Flammarion, 2018
336 p.
Dans cet ouvrage les économistes Raj Patel et Jason W. Moore soutiennent que le capitalisme industriel est né au milieu du XVe siècle sur l’Ile de Madère.
L’archipel de Madère, au large du Maroc, est composé d’une Ile principale qui lui donne son nom. Minuscule possession portugaise au large des côtés africaines, il joue pourtant selon les deux économistes américains Patel et Moore un rôle central dans l’avènement du capitalisme et des rapports sociaux de domination modernes.
En particulier les deux auteurs insistent sur le rôle que joue Madère dans la co-construction des rapports sociaux capitalistes, de racisation lié à la colonisation moderne et la destruction de l’environnement naturel. En effet, Madère sert de laboratoire au colonisateurs portugais pour mettre en œuvre l’économie de l’industrie de la culture sucrière qui a été à la base de l’économie du commerce triangulaire entre l’Afrique, l’Amérique et l’Europe à l’époque moderne.
En effet, pour mettre en place l’économie de l’industrie sucrière, les portugais recourent à l’esclavage d’abord avec les Guanches des Canaries – des berbères -, puis avec le recourt à des esclaves noirs provenant du Golfe de Guinée.
Pour faire, fonctionner les moulins de l’industrie sucrière, il faut du bois. Madère, qui signifie bois en portugais, voit ses forêts côtières dévastées par les exigences de la production économique. Seul sont épargnés les forets du centre de l’île peu accessibles.

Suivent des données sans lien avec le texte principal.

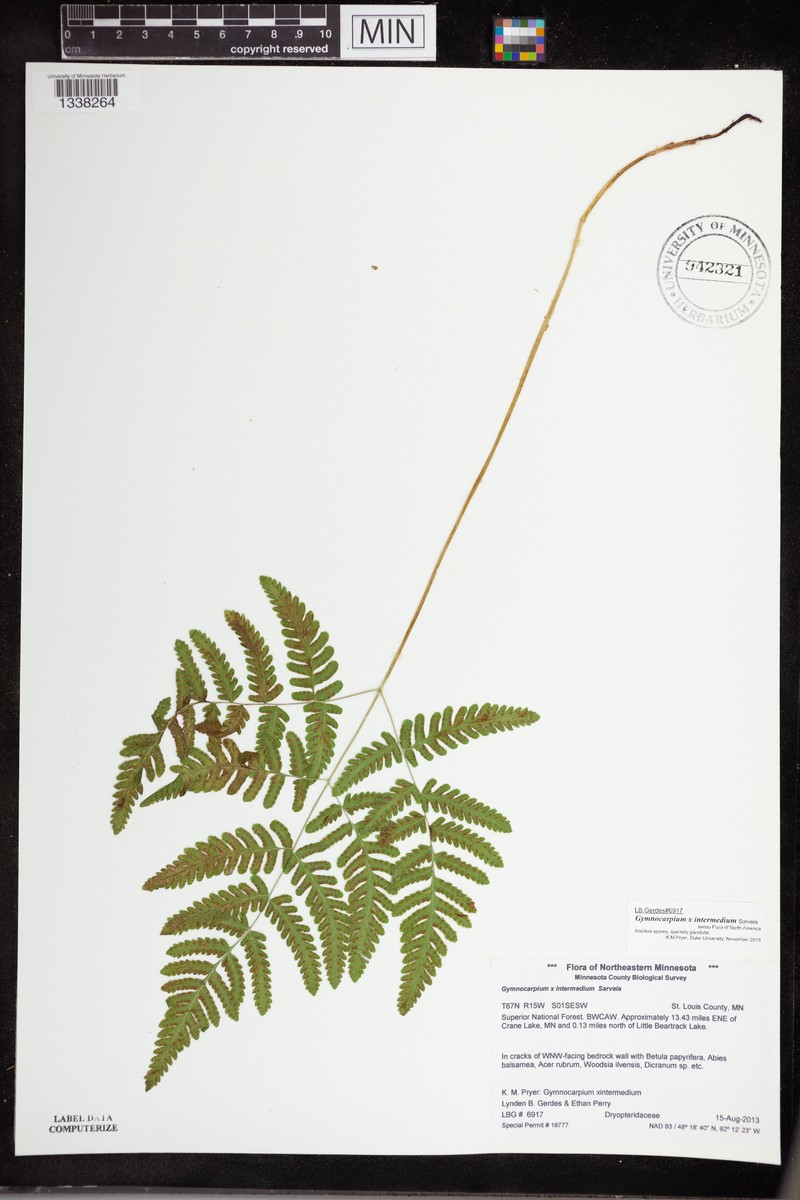 Oakfern photo 8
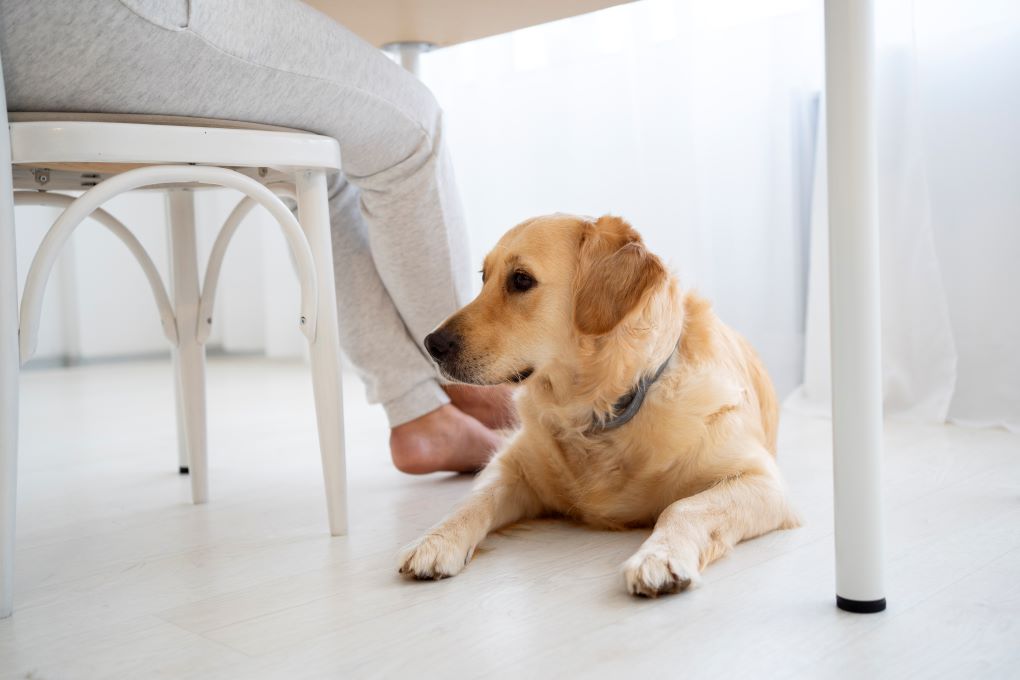 dog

La crise engendrée par la difficulté à se procurer du bois à bas pris et la découverte du Brésil ont raison de la centralité de l’archipel dans la production sucrière. Les auteurs semblent rejoindre ici les analysent décrites par Jared Diamond dans Effondrement en montrant les liens entre effondrement écologique et économique. Néanmoins, Madère garde une place stratégique qui a été souvent soulignée dans les études littéraire sur Jane Eyre de Charlotte Bronthé. En effet, après avoir été chercher des esclaves sur la côté africaine et en revenant du Brésil, les bateaux se chargent des tonneaux de vin de Madère qui ont remplacés en grande partie l’économie sucrière.
Néanmoins à travers cette archéologie de l’histoire moderne, les auteurs cherchent à mettre en lumière une thèse plus ambitieuse encore. L’économie qui s’est mise en place à Madère, à l’orée de l’époque moderne, est celle du « cheap » (du pas chère). En effet, l’esclavage permet de se procurer une main d’oeuvre cheap. Celle-ci permet de produire une alimentation cheap. C’est un processus généralisé que les auteurs décrivent à travers 7 domaines qui sont outre le travail et l’alimentation, la nature, le care, l’argent, l’energie et la vie. Car au fondement de l’ouvrage se trouve une réflexion sur les rapports entre le capitalisme et la vie elle-même. Cette perspective est ce qu'ils appellent « l’écologie-monde ».
Les auteurs se présentent comme des économistes socialistes ayant recourt à une grille intersectionnelle d’analyse. Néanmoins, leur étude va plus loin que les perspectives intersectionnelles habituelles car elle intègre la dimension écologique. Il faut noter que l’ouvrage est accompagné d’une très abondante bibliographie dans laquelle ils ont puisé pour étayer leurs thèses et sur un appareil de notes critiques.